Wer weiss denn heutzutage eigentlich noch wo er hingehört? Längst vorbei die Zeiten, als man ein Leben lang an einem Ort verblieb. Als man vielleicht in ganz jungen Jahren, frisch von der Schule weg, kurz davon träumte, Entdeckungen zu machen. Sich vielleicht sogar von der Wanderlust packen liess, fremde Länder und Sitten bestaunte, Entbehrungen auf sich nahm, fort ging, jedoch alleine mit dem Ziel zurückzukommen und sich niederzulassen. Zu bleiben. Vorbei die Wanderjahre.
Sicher, es gibt sie immer noch, die ewig Stationären, aber die Regel ist es nicht. Und „cool“ schon gar nicht. Was früher von kurzer Dauer war, den Waghalsigen, Abenteuer- und Risikofreudigen vorbehalten, hat sich heute auf den Grossteil der Bevölkerung ausgeweitet und ist zu einer Beschäftigung geworden, die man sein Leben lang praktiziert. Mindestens den Urlaub verbringt man im Ausland, das gehört einfach dazu, und wenn möglich gleich in Afrika oder Asien. Das Weekend dann mal kurz in London oder Mailand. Jeder ein „Globetrotter“. Die Welt ist in der Tat nicht nur durch die Kommunikationsmedien, mit Hilfe derer man virtuell überall hin reisen kann, geschrumpft zum vielzitierten globalen Dorf. Selbst das physische Reisen ist in der Tat so billig und einfach geworden, so schnell und unkompliziert, dass man nicht nur auf einer wirtschaftlichen Ebene davon profitiert, indem man die Produktion der Güter ganz ins Ausland verlegt: Es ist auch möglich geworden, am Morgen in Paris zu frühstücken und am Abend in Berlin abzutanzen. Und das nicht nur für ein paar Urlaubstage oder eine Geschäftsreise. So soll es ja sogar Leute geben, die nicht nur in fremden Ländern arbeiten, sondern zwischen Ländern pendeln, wie die Frau, die in London ihre Brötchen verdient, jedoch auf Mallorca lebt, weil es da so schön warm ist – neulich gelesen im Inflight-Magazin einer bekannten Fluggesellschaft. Low Cost sei Dank. Und dem Schengener Abkommen.

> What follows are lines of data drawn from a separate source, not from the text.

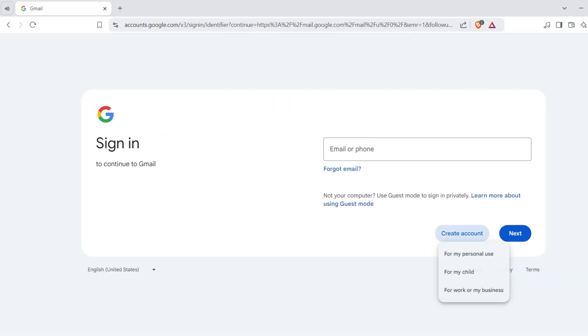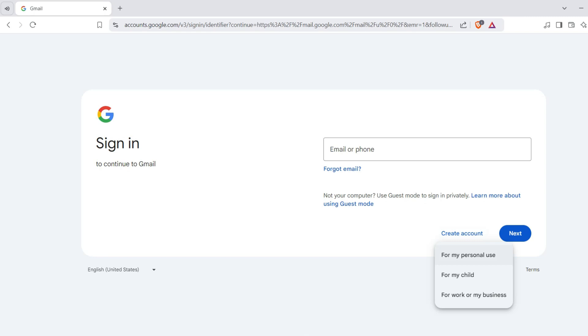Click the create an account button and select which option applies. For this video, I will choose for my personal use.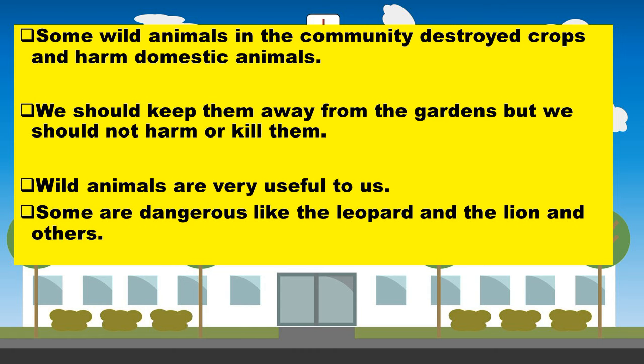Learners, what are wild animals? Wild animals are the animals that live in the forest. Some animals in the community destroy crops and harm domestic animals. We should keep them away from the gardens, but we should not harm or kill them. The wild animals are very useful and very important to us.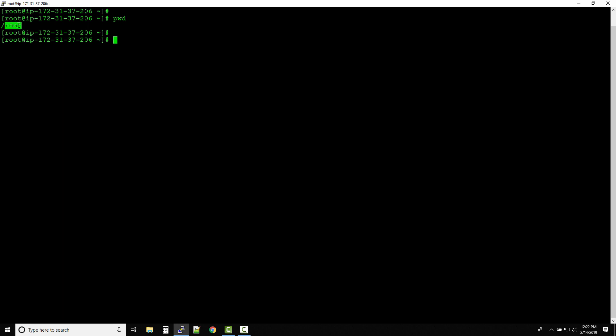We also know that as per the Linux prompt, we know the symbol called tilde, and with this symbol we can say that we are already at the parent or the home location of the root user. That means whenever you log into the server with root user, you will always land onto this location - that's /root.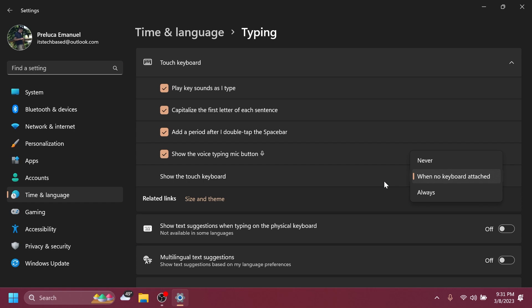Microsoft is also introducing updates for the new touch keyboard setting that replaces the show the touch keyboard when there's no keyboard attached checkbox under settings, time and language, typing, and touch keyboard, with a new drop-down menu with three options to control whether tapping an edit control should launch the touch keyboard. Never, when no keyboard attached, and always.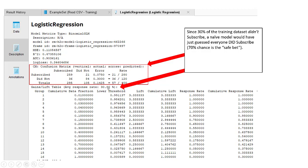So if it's true that 30% of people didn't subscribe, the safe bet would have been that everybody subscribes. Because if you just simply guess that everyone subscribes, you'd be right 70% of the time. Does our prediction model do any better? The answer is yes.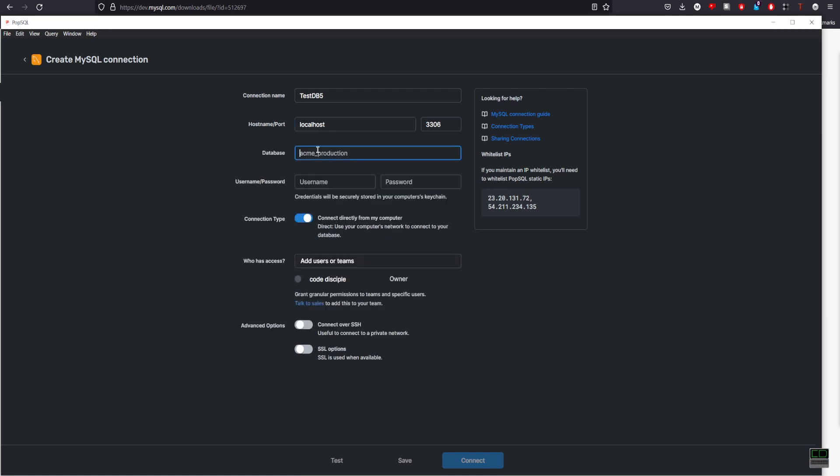Next, put in the database name. In my case, it's db5. Username and password. So this is the username and password that you have set up during MySQL installation.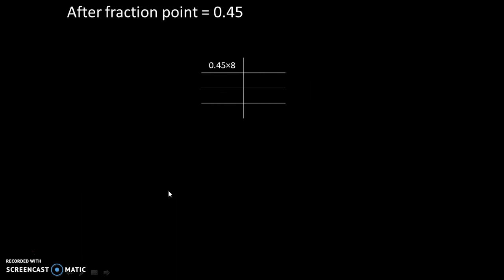After fraction point, value is 0.45. And we will multiply it by 8 each time, because base of octal number system is 8.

Nun gut, alle Ironie, die ein Phänomen wie die teilweise ins Absurde übersteigerte Mobilität heutzutage auslösen mag, eine politische Übereinkunft zwischen Ländern, wie das Abkommen zwischen den EU Staaten, bedeutet vor allem eins: eine grossartige Freiheit, die uns, den Europäern, erlaubt, dahin zu gehen, wo es uns gefällt oder wenigstens finanziellen Nutzen bringt. An den Grenzen hält uns keiner mehr auf, und seit fast zwanzig Jahren kann uns auch keine Mauer mehr davon abbringen. Wir, die Glücklichen. Ich reise, also bin ich. Es könnte auch anders sein. Vergessen wir nicht, es war einmal anders. Oder ist es vielleicht immer noch anders - für einige?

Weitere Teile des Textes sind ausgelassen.